Nepali New Year 2083 falls on 14 April 2026. Here's what Naya Barsha really looks, tastes, and feels like across Nepal.
Somewhere in Bhaktapur right now, a massive wooden chariot is creaking through narrow cobblestone lanes while hundreds of hands pull at ropes from both sides of the street. In Thimi, clouds of orange vermillion powder are filling the air. In Pokhara, the Lakeside strip is humming with music, the smell of sel roti drifting from every corner. And somewhere up in the hills, a family is gathered around a kitchen table before sunrise, saying quiet prayers and sharing food.
Today is Baisakh 1, 2083 BS. It is Nepali New Year, and Nepal is alive with it.

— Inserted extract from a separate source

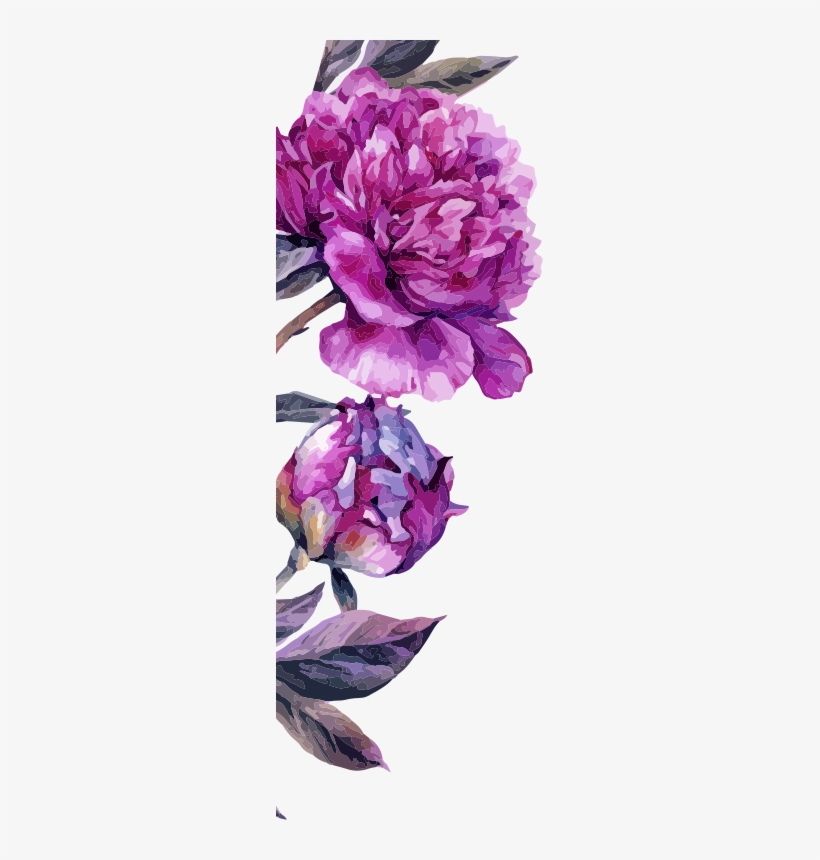 Common Peony, transparent png download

If you have ever wanted to experience a country at its most joyful, most rooted, and most itself, this is the day. Here is everything you need to know about what Naya Barsha actually means, where celebrations happen, and what to expect if you are lucky enough to be in Nepal right now.

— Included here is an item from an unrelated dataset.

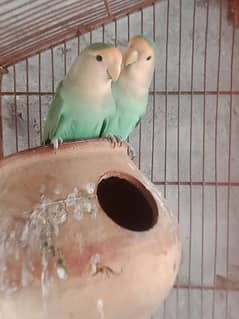 Love birds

Nepal does not ring in the new year on January 1st. The country runs on the Bikram Sambat (BS) calendar, an ancient Hindu solar calendar that sits approximately 56 to 57 years ahead of the Gregorian system. So while the rest of the world is still in 2026, Nepal is stepping into the year 2083.
The Nepali New Year falls on the first day of the month of Baisakh, which lands in mid-April each year. This year, Baisakh 1, 2083 BS is today: April 14, 2026.
It is the official public holiday for the new year in Nepal, and it is the one day when the entire country, across all its ethnic groups, languages, and religious traditions, turns toward the same celebration. More than 60 ethnic communities mark this date in their own way, from the Newar communities of the Kathmandu Valley to Brahmin families in the central hills to Tharu and Maithili communities in the Terai.
Nepalis call it Naya Barsha (new year) or Navavarsha. You might hear people greet each other with “Naya Barshako Shubhakamana”, which translates roughly as “best wishes for the new year.” Say it to anyone you meet today and watch their face light up.
Long before the street festivals begin and the sel roti hits the pan, many Nepalis have already been to the temple. Baisakh 1 is, at its core, a deeply religious day. Families wake before sunrise, bathe, and make their way to their local mandir or clan deity shrine to offer flowers, rice, and incense, and to seek blessings for the year ahead. In Kathmandu, the ghats along the Bagmati River at Pashupatinath fill with devotees from the earliest hours of the morning: men and women in fresh clothes, carrying brass plates of offerings, moving quietly through the smoke of butter lamps.
The atmosphere is different from a typical festival crowd. It is reverent, almost meditative, with the ringing of bells and the murmur of prayers cutting through the cool morning air. At Changu Narayan, Swayambhunath, and countless neighbourhood temples across the country, the same ritual unfolds: shoes left at the gate, palms pressed together, a moment of stillness before the celebrations begin. The concept behind all of it is punya, the accumulation of holy merit, and Baisakh 1 is considered one of the most auspicious days of the year to seek it. For visitors, attending a temple in the morning is one of the most quietly moving ways to begin Naya Barsha.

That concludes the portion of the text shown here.